Rainsford is made Governor General and makes Holloway Commissioner of Fuzzy Affairs, and a reservation will be set up for the Fuzzies. The Fuzzies are now very popular and everyone wants one of their own.
The novel ends on some saccharine lines from the seeming viewpoint of Little Fuzzy:
And soon all the people would find Big Ones to live with, who would take care of them and have fun with them and love them, and give them the Wonderful Food. And with the Big Ones taking care of them, maybe more of their babies would live and not die so soon. And they would pay the Big Ones back. First they would give their love and make them happy. Later, when they learned how, they would give their help, too.
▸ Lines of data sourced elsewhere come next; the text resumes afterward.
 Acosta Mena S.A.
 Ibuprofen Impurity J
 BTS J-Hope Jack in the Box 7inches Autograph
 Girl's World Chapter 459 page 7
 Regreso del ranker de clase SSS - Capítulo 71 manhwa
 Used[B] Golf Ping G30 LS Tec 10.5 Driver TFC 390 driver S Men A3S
We do have some characteristic Piper elements here. There is a climax centered around a legal proceeding as in “The Edge of the Knife” and “Day of the Moron”. There is plenty of intrigue. The violence, though, is rather muted for a Piper work. Kellogg is the most despicable character because he doesn’t think clearly. Grego is a Machiavellian figure trying to preserve his power while making arguments he doesn’t really believe.